Transcribe the listing that follows in full, exactly, and drop its images.

[DATASET]

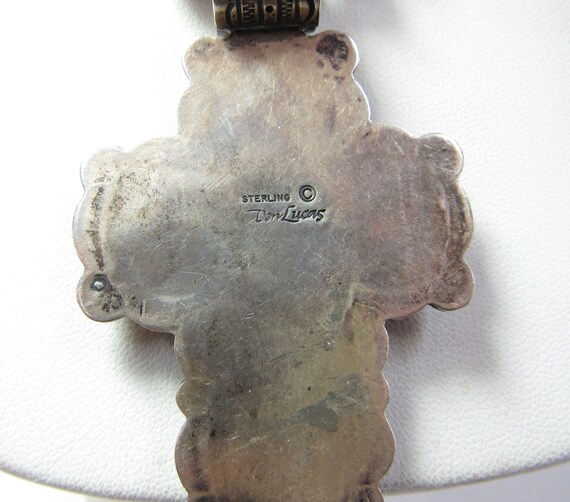 Native American Sterling SILVER Chain with Cross … - image 3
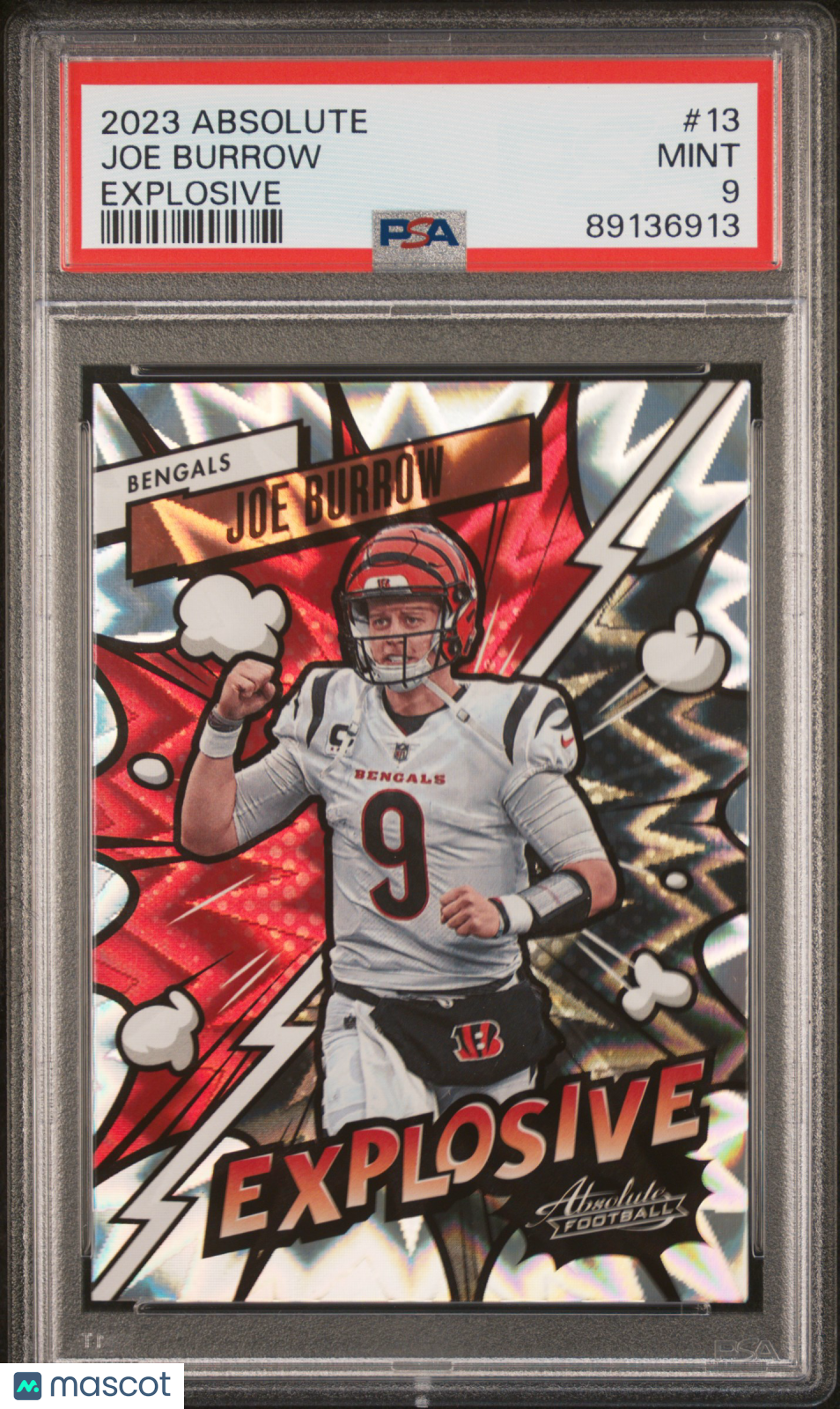 Joe Burrow 2023 Absolute Explosive SSP CASE HIT Cincinnati Bengals PSA 9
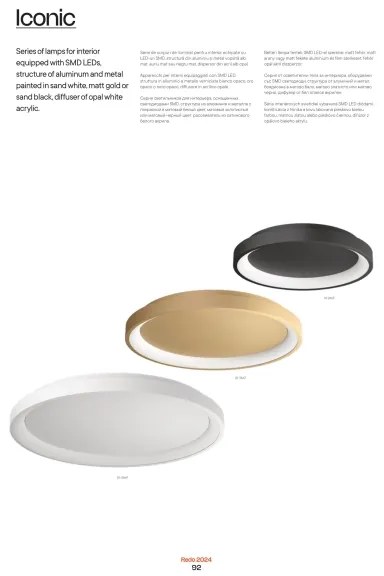 Redo 01-2668 - LED Stmievateľné stropné svietidlo LED/40W/230V pr. 48 cm čierna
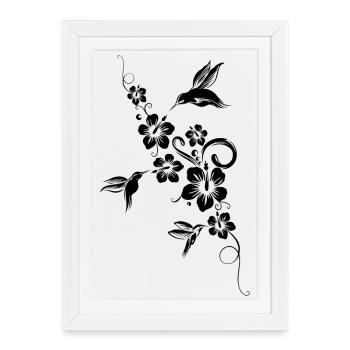 Colibri Hibiscus Colibri d’été - Affiche encadrée (27 × 37 cm) - blanc - Devant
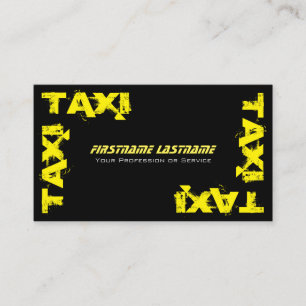 Professional taxi driver cabdriver yellow taxi business card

[/DATASET]

SOLUTION TO THE EXERCISE
 Native American Sterling SILVER Chain with Cross … - image 3
 Joe Burrow 2023 Absolute Explosive SSP CASE HIT Cincinnati Bengals PSA 9
 Redo 01-2668 - LED Stmievateľné stropné svietidlo LED/40W/230V pr. 48 cm čierna
 Colibri Hibiscus Colibri d’été - Affiche encadrée (27 × 37 cm) - blanc - Devant
 Professional taxi driver cabdriver yellow taxi business card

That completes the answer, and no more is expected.